Develop the Parametric Equations

The parametric equations can be extracted from the vector equation \( \vec{r}(t) = \langle 5, 1-t, 9 \rangle \):- \( x = 5 \)- \( y = 1 - t \)- \( z = 9 \).

Construct the Symmetric Equations

Since the direction vector \( \vec{n} = \langle 0, -1, 0 \rangle \) causes the \( x \) and \( z \) coordinates to remain constant, the symmetric form involves only the \( y \) component:\[ y - 1 = -t \]However, because the \( x \) and \( z \) components are constant, there is no overall symmetric form involving \( x \) or \( z \). Simply the constant values:\[ x = 5, \quad y + t = 1, \quad z = 9. \]

Key concepts

Cross Product

The cross product is a vector operation that takes two vectors and returns a third vector that is orthogonal to both of the original vectors. This operation is crucial for finding a direction vector that is perpendicular to two given vectors. Imagine you have two vectors, \( \vec{d}_1 = \langle 1, 0, 1 \rangle \) and \( \vec{d}_2 = \langle 2, 0, 3 \rangle \). By taking their cross product, we can find a vector that is perpendicular to both.
The formula for the cross product is similar to finding the determinant of a matrix:

• Calculate the determinant of the following 3x3 matrix, where \( \hat{i}, \hat{j}, \hat{k} \) are unit vectors along the x, y, and z axes:

\[\vec{n} = \begin{vmatrix} \hat{i} & \hat{j} & \hat{k} \ 1 & 0 & 1 \ 2 & 0 & 3 \end{vmatrix} = \langle 0, -1, 0 \rangle\]

The resulting vector \( \langle 0, -1, 0 \rangle \) is the direction vector for our line.

Using cross products helps us find paths in space that are completely independent of the directions of our original vectors.

Direction Vector

A direction vector is essential in defining the orientation of a line in space. It tells us in which direction the line points. When given two vectors and asked to find a line orthogonal to both, we must compute a new direction vector using the cross product.
In our problem, the direction vector \( \vec{n} = \langle 0, -1, 0 \rangle \) was found by calculating the cross product of \( \vec{d}_1 \) and \( \vec{d}_2 \).

• Direction vectors can point in any direction depending on their components, \( a_x, a_y, \) and \( a_z \).
• A key feature is that direction vectors remain consistent regardless of where you place the line in space.
• This consistency means you can multiply the vector by any scalar, and the line direction will remain unchanged.

Direction vectors are a cornerstone when defining both vector and parametric equations of a line.

Parametric Equations

Parametric equations describe a line in terms of a parameter, often represented by \( t \). These equations illustrate how each coordinate of a point on the line changes with respect to \( t \). They're derived directly from the vector equation of a line.
Take, for example, the vector equation:\[ \vec{r}(t) = \langle 5, 1-t, 9 \rangle \]From this, we can extract the parametric equations:

• \( x = 5 \)
• \( y = 1 - t \)
• \( z = 9 \)

• The parametric representation is useful because it clearly shows the variable components of the line over \( t \).
• This approach is particularly helpful in understanding how the line behaves as the parameter changes.
• Parametric equations allow for geometry problems to be explored in a step-by-step process, making it easier for students to visualize.

Symmetric Equations

Symmetric equations present a more compact way of showing the equations of a line when the direction vector has non-zero components.
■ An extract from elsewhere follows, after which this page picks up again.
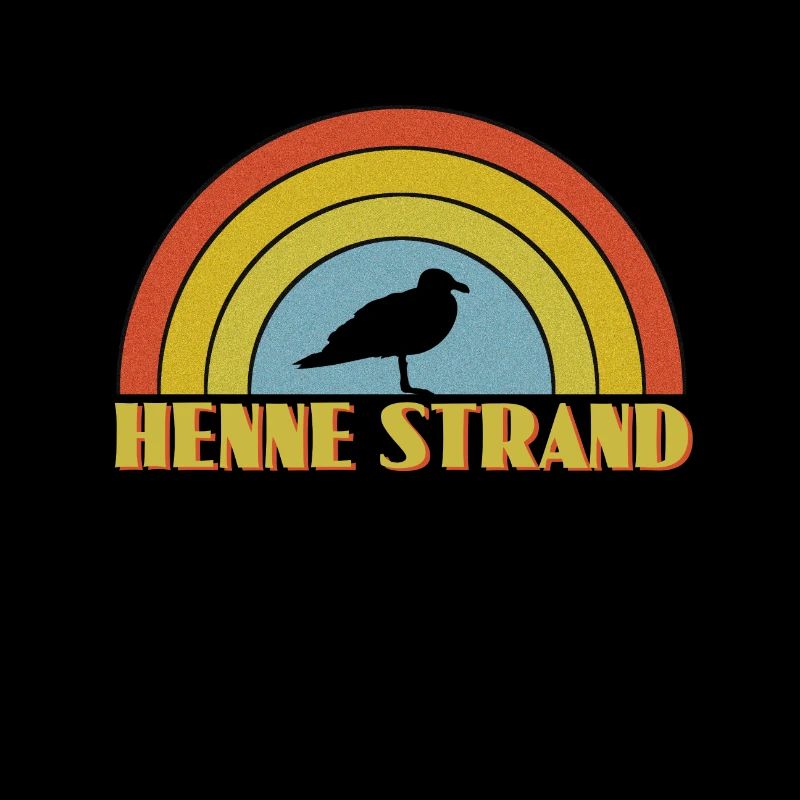 Henne Strand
However, in our case, the direction vector \( \langle 0, -1, 0 \rangle \) complicates things, as there are zero components.
Normally, symmetric form involves expressing each variable in a formula that equates them through constants and the parameter \( t \). But when components are constant, like in our problem, they remain untouched:

• \( x = 5 \)
• \( y + t = 1 \)
• \( z = 9 \)

Notably, symmetric equations can simplify calculations in some geometric problems by reducing a multidimensional problem into simpler, separate equations.
Despite the constraints, they effectively indicate points where the trajectory doesn't change due to constant values of \( x \) and \( z \).